I'm sure Google wants to point the way as how Android with optimized hardware can be wonderful and all, but Google probably still doesn't want to upset or majorly compete with its own Android customers, hence despite expressed confidence in itself, the reality will be in the marketplace of consumer opinion and buying/not buying. Did I also mention that the newest Pixels will only be marketed in 8 major markets – USA, Canada, Australia, UK, France, Germany, Japan, and Taiwan, basically where Android fans can afford it. So much for an expanded Google Pixel market footprint.
Being the leading “fast copier” blunts a Company’s vision. You’ll never be anything but a #2, with #3, #4, #5, etc constantly yapping at your heels, and sometimes overtaking you in the race to the bottom.
“Being the leading “fast copier” blunts a Company’s vision.”
You nailed it. Apple has often been accused of “copying”, but way to often it just looks that way because some competitor came out first with a product that was rushed to market while Apple took the tlme to build it right. The Apple Watch is a prime example (although it’s always amazed me that people forget about the iPod Nano you could – and I did – wear on your wrist).
The reality is that Apple was and still is a trail-blazer. And you can’t be a trail-blazer if all you ever do is follow where someone else has already gone.
For a long time, though, I kept on looking for true innovation, something that would make me say “Gee, I wish my iPhone had that!” The short-lived Samsung ‘secure enclave’ was one of very few things on the Android side that I thought would be useful in iOS. The other is the ability to provide external storage for at least some forms of content (e.g. flash memory external drive to hold more music or photos than the phone would hold).
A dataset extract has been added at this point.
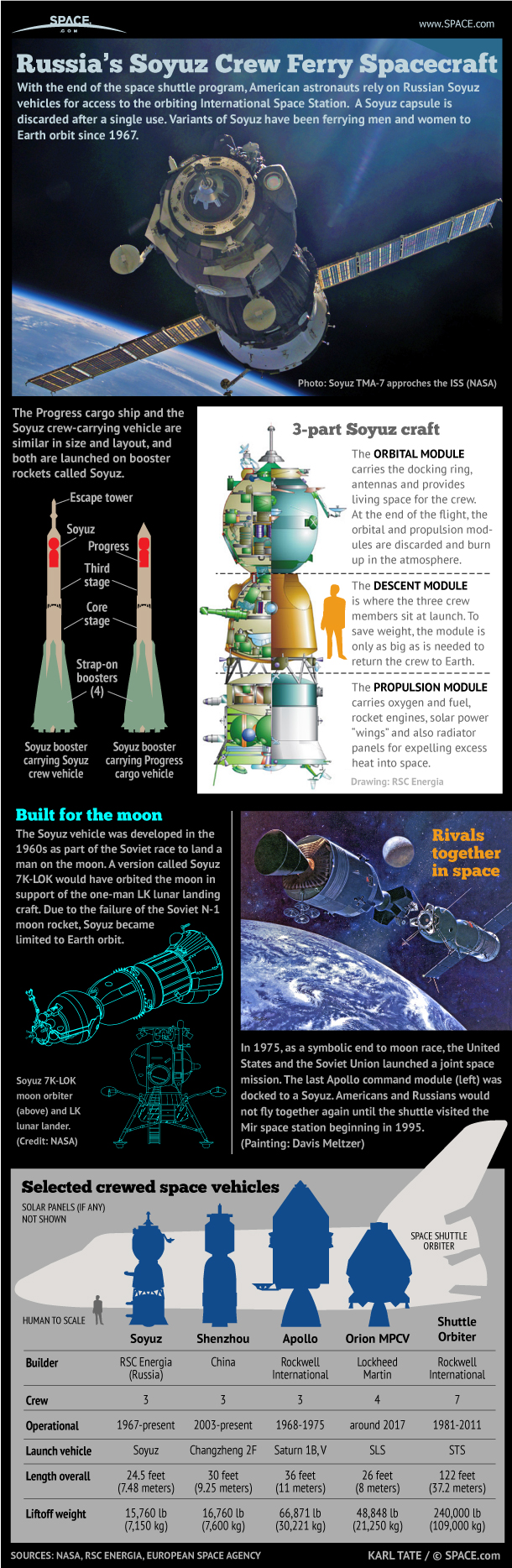 Inside Russia's Crewed Soyuz Space Capsule (Infographic)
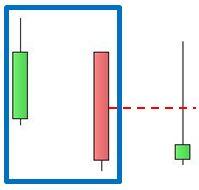 S&P; 500: conferme negative dal MACD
The argument “it’s all in the cloud” has never been persuasive to me.
As for Tizen as an alternative to Google Android, Samsung is primarily a hardware company through and through, so software was strictly a sideline for them even when a need was identified and even supported – they just aren’t terribly good at software development till recently, see Samsung’s notoriously slow Android security and OS updates till 2020. As I said many times on Samsung/Android sites, “why the hell do you put up with slow, late, incomplete, and tortuous OS updates, let alone the restricted 2-3 years tops Android OS update support policies of Android and makers alike, if even that?” They never have an answer other than “oh, that’s just the way it is”, “I’ll just buy another phone in 2-3 years to get the latest OS”, and the best one “OS updates are highly overrated, don’t need them” – fatalism at its best, never will they (although the Android sites do) acknowledge Apple’s leadership in 5-6+ year after purchase support and ability to write software improvements and changes, plus rapid adoption of latest iOS that Android can only have wet dreams about.